We thought hard and came up with six things to do that will make a chore out of University life.

    Be single, don’t mingle.

    We’re not talking about your love life here, before you get ideas. If you’re a fresher, you could be shy. You could be homesick, first time away from home. Or, you could simply be overwhelmed by all the unfamiliarity. The first few days will be way out of your comfort zone. So what better solution than to retreat into the familiarity of your security blanket like Linus here!

    Because whenever was University, or education for that matter, about broadening your horizons?

  2. Be Too Sleek for Fresher’s Week.

    Fresher’s week is chaotic. Senior students, departmental staff, and faculty will be about, hosting teas and dinners, getting to know each other, offering advice. There will be freebies – from pizzas to coupons to earphones; sales of homemade goodies, and second hand books.

    This is way too much fun. And probably too useful as well. Give it a miss. Friendships, freebies, cheap stuff – who needs those?

    Give a Toss about Documents.

    You might’ve joined 10 societies, from Hummus Appreciation, to Harry Potter and Gin; made 16 new friends, and done things you just can’t remember.  In all this excitement, it’s easy to forget all the boring stuff that parents worry about.

    So, don’t open a bank account in your first week. You can stuff the cash in your pillow or desks. Don’t register at the local doctor’s. You’re invincible, right? Don’t sign in with your department (or matriculate) in time.

    It will fill the rest of the year with speed breakers and potholes. Just the way you like it.

  4. Live up to that Pink Floyd song. (You know which one)

    If you’re not failing at having fun, and are failing at not overdoing it, chances are – studies have taken a backseat. And, we’re just guessing but, that’s probably the reason why you came to University in the first place.

    So, if you’ve ignored your reading list, one day (a month before finals) you might run out in your PJs and buy everything on that list. That’s a great way to stab your budget in the heart. Ignore the used books which are available, online and offline. They’re cheap(er).

    Maybe you’ll go down a different route and go to the library instead. And panic will force you to borrow all the books off the shelf. The fact that you can’t finish reading them before their due dates will dawn on you after you have earnt huge fines. Congratulations! The library fine is one of the most useless expenses a student can incur. Hopefully, it will have paid for your grade.
    Never cook.

    Except for 18p noodles, pasta, and toast. Buy from takeaways. Eat out. Skip meals. That is bound to make for a great digestive system, and great health in general. You’ll feel great! As will your bank balance. Not to mention your mum. As for cheap meal ideas, they’re just a good browse.

  6. Just SMS, don’t SOS.

    While you’re managing initial adulthood – academics, relationships, maybe part-time jobs, groceries and bills; it’s easy to think you should be tough. Adults rarely cry when they’re not on reality TV. So when you are stressing, bottle it up, or bottoms up. That’s the spirit.

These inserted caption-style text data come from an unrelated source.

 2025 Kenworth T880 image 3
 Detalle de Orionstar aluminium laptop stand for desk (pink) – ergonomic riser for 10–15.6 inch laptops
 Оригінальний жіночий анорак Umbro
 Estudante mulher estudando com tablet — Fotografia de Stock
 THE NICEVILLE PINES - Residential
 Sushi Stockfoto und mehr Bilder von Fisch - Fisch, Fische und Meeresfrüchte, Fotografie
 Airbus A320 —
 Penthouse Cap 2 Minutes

    Because human beings are not social animals, who created communities for help and support. As for the student helplines, staff’s Open Doors, as well as friendly shoulders, ignore them. They will not help you a make a mess of yourself.

Follow these tips and University life will be miserable. But, if, like most people, you wish to make this year amazing and memorable, do the opposite. You’ll be surprised at how good life will be!